++++ Data section

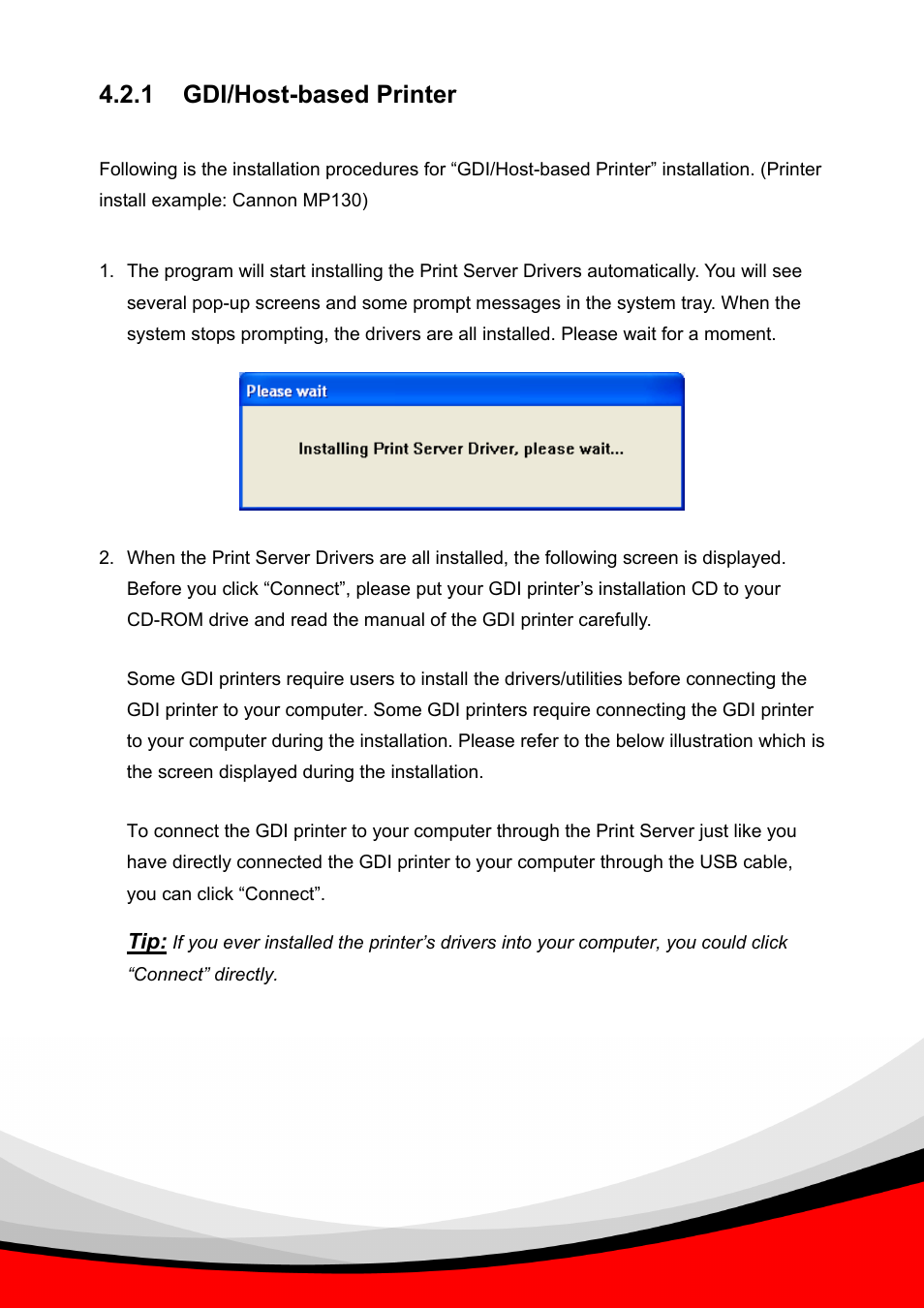 1 gdi/host-based printer | Epson Past Ethernet Combo Print Server PS-1216U User Manual | Page 18 / 51
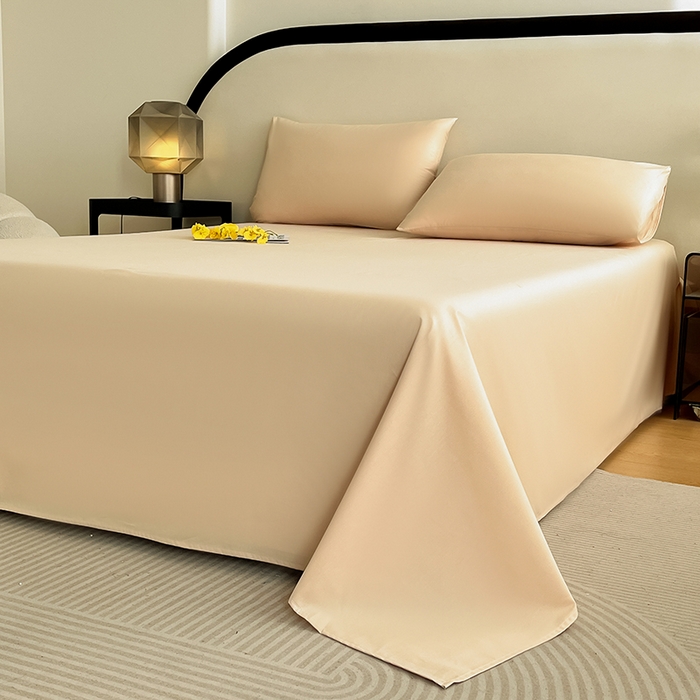 91家纺网 家纺一手货源 找家纺 润肤居 2026新款A类全棉13372单床单 杏仁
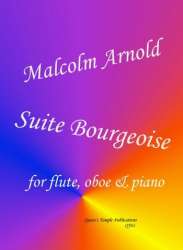 Suite Bourgeoise for flute, oboe and piano parts -Malcolm Arnold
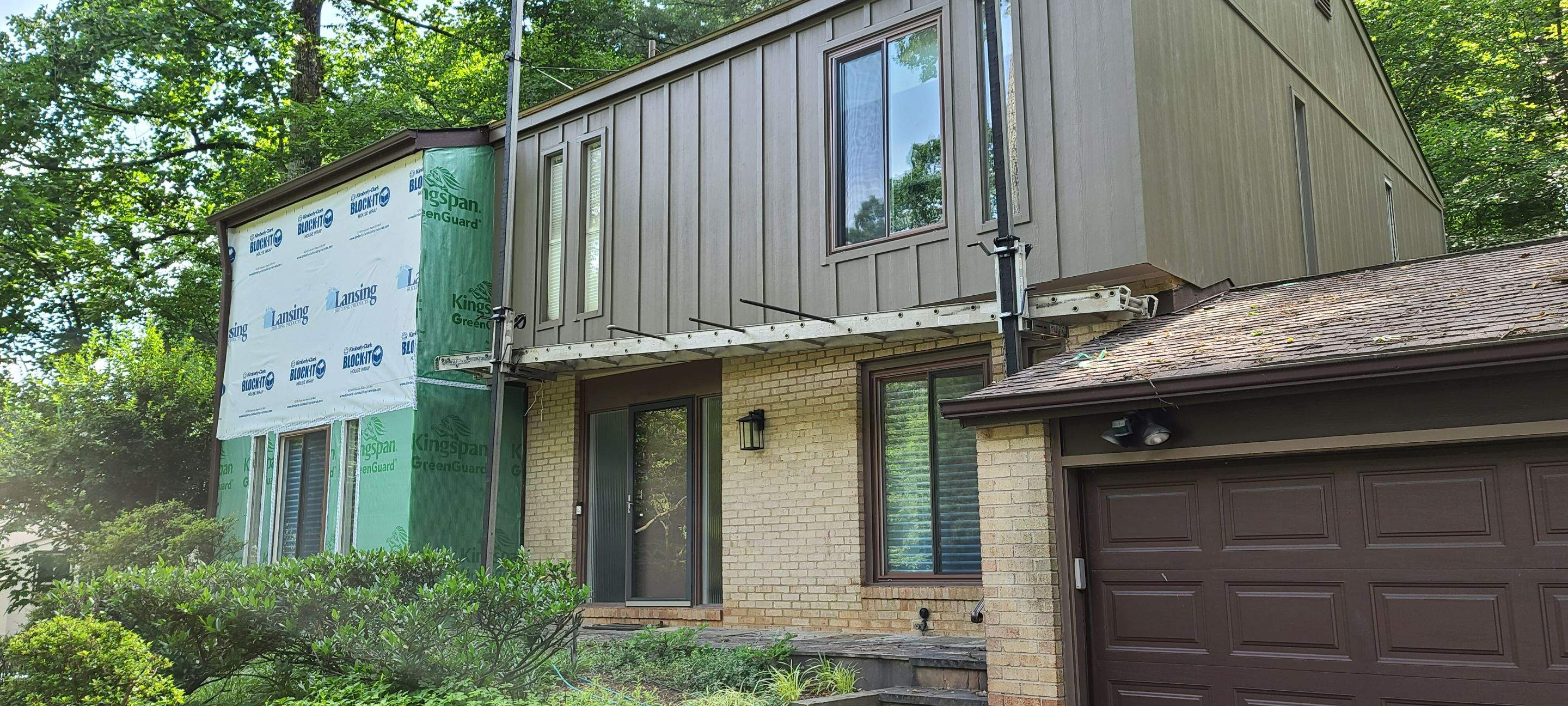 James Hardie Board and Batten Siding and ProVia entry door by Window Depot of Annapolis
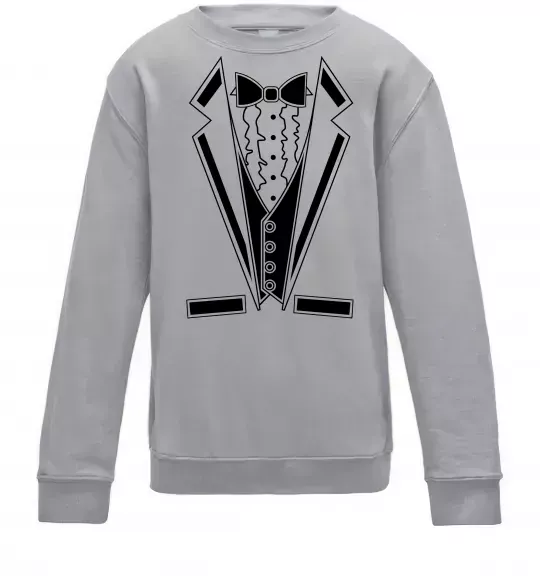 Детский Свитшот LACE TWIST Серый меланж фото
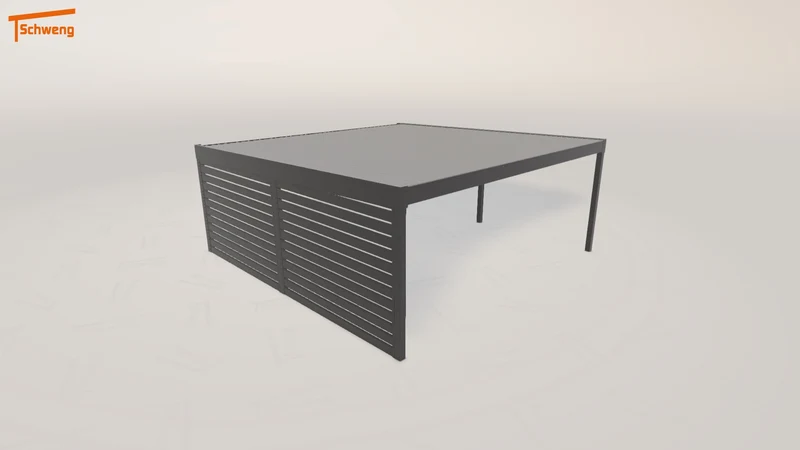 #DE Schweng Flachdachcarport C600+ (ID 85r2dj) #MTG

++++++++

Set down, word for word, the line that holds "91家纺网 家纺一手货源 找家纺 润肤居 2026新款A类全棉13372单床单 杏仁" and all lines after it to the end of the entries above, but not the pictures.

 91家纺网 家纺一手货源 找家纺 润肤居 2026新款A类全棉13372单床单 杏仁
 Suite Bourgeoise for flute, oboe and piano parts -Malcolm Arnold
 James Hardie Board and Batten Siding and ProVia entry door by Window Depot of Annapolis
 Детский Свитшот LACE TWIST Серый меланж фото
 #DE Schweng Flachdachcarport C600+ (ID 85r2dj) #MTG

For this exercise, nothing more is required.